His ignorance was as remarkable as his knowledge. Of contemporary literature, philosophy and politics he appeared to know next to nothing. Upon my quoting Thomas Carlyle, he inquired in the naivest way who he might be and what he had done. My surprise reached a climax, however, when I found incidentally that he was ignorant of the Copernican Theory and of the composition of the Solar System. That any civilized human being in this nineteenth century should not be aware that the earth travelled round the sun appeared to be to me such an extraordinary fact that I could hardly realize it.

“You appear to be astonished,” he said, smiling at my expression of surprise. “Now that I do know it I shall do my best to forget it.”

“To forget it!”

“You see,” he explained, “I consider that a man’s brain originally is like a little empty attic, and you have to stock it with such furniture as you choose. A fool takes in all the lumber of every sort that he comes across, so that the knowledge which might be useful to him gets crowded out, or at best is jumbled up with a lot of other things so that he has a difficulty in laying his hands upon it. Now the skilful workman is very careful indeed as to what he takes into his brain-attic. He will have nothing but the tools which may help him in doing his work, but of these he has a large assortment, and all in the most perfect order. It is a mistake to think that that little room has elastic walls and can distend to any extent. Depend upon it there comes a time when for every addition of knowledge you forget something that you knew before. It is of the highest importance, therefore, not to have useless facts elbowing out the useful ones.”
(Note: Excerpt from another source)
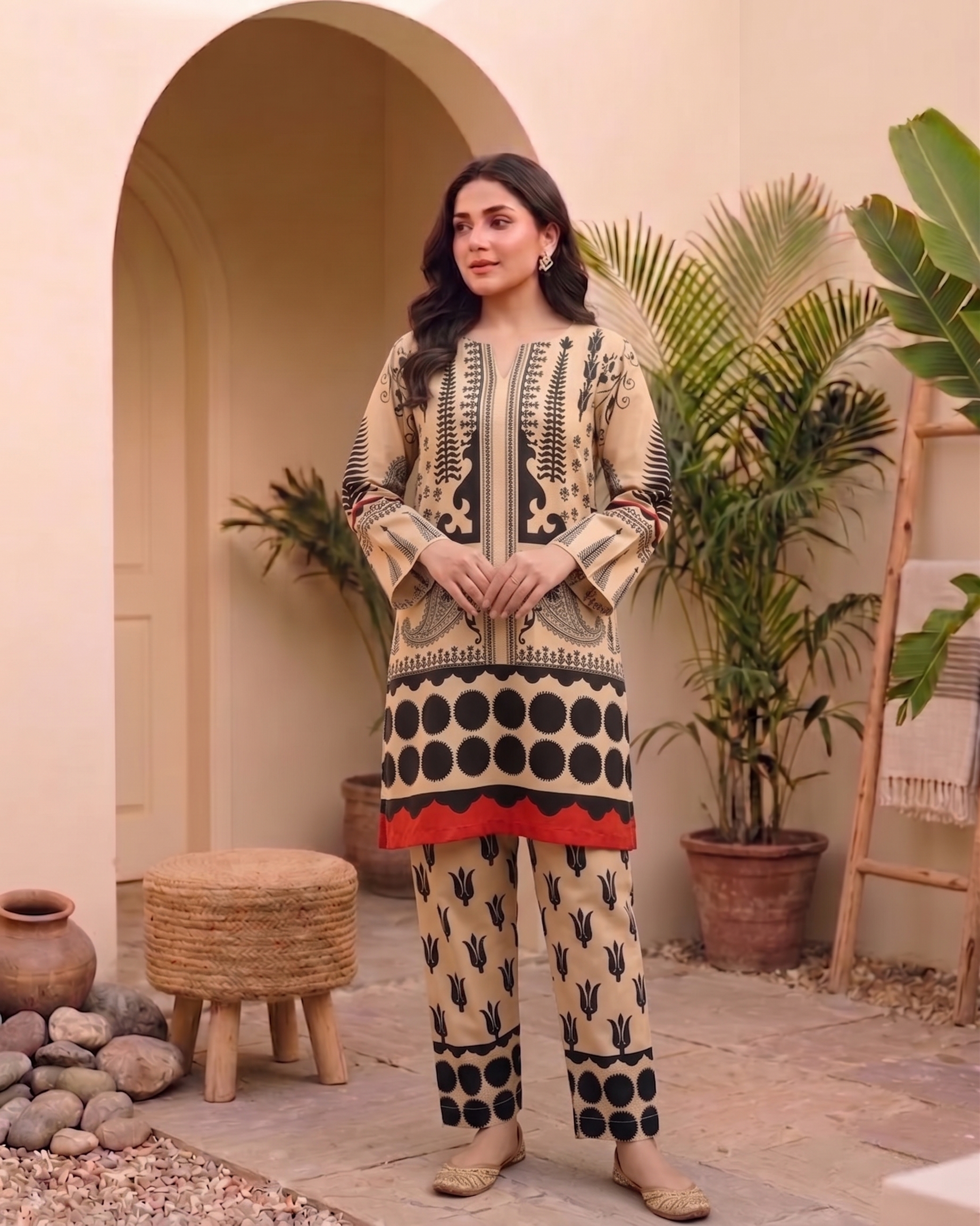 2-piece-printed-beige-article-5 (3) 2 Piece Printed Beige Suit Article 5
“But the Solar System!” I protested.

“What the deuce is it to me?” he interrupted impatiently; “you say that we go round the sun. If we went round the moon it would not make a pennyworth of difference to me or to my work.”

“A Study in Scarlet” from Beeton’s Christmas Annual, 1887.

I was on the point of asking him what that work might be, but something in his manner showed me that the question would be an unwelcome one. I pondered over our short conversation, however, and endeavoured to draw my deductions from it. He said that he would acquire no knowledge which did not bear upon his object. Therefore all the knowledge which he possessed was such as would be useful to him. I enumerated in my own mind all the various points upon which he had shown me that he was exceptionally well-informed. I even took a pencil and jotted them down. I could not help smiling at the document when I had completed it. It ran in this way—

SHERLOCK HOLMES—his limits.

  1. Knowledge of Literature.—Nil.
  2.              Philosophy.—Nil.
  3.              Astronomy.—Nil.
  4.              Politics.—Feeble.
  5.              Botany.—Variable.  Well up in belladonna,
                              opium, and poisons generally.
                              Knows nothing of practical gardening.
  6.              Geology.—Practical, but limited.
                               Tells at a glance different soils
                               from each other.  After walks has
                               shown me splashes upon his trousers,
                               and told me by their colour and
                               consistence in what part of London
                               he had received them.
  7.              Chemistry.—Profound.
  8.              Anatomy.—Accurate, but unsystematic.
  9.              Sensational Literature.—Immense.  He appears
                              to know every detail of every horror
                              perpetrated in the century.
  10. Plays the violin well.
  11. Is an expert singlestick player, boxer, and swordsman.
  12. Has a good practical knowledge of British law.

When I had got so far in my list I threw it into the fire in despair. “If I can only find what the fellow is driving at by reconciling all these accomplishments, and discovering a calling which needs them all,” I said to myself, “I may as well give up the attempt at once.”

— Sir Arthur Conan Doyle, A Study in Scarlet, Chapter II: The Science of Deduction.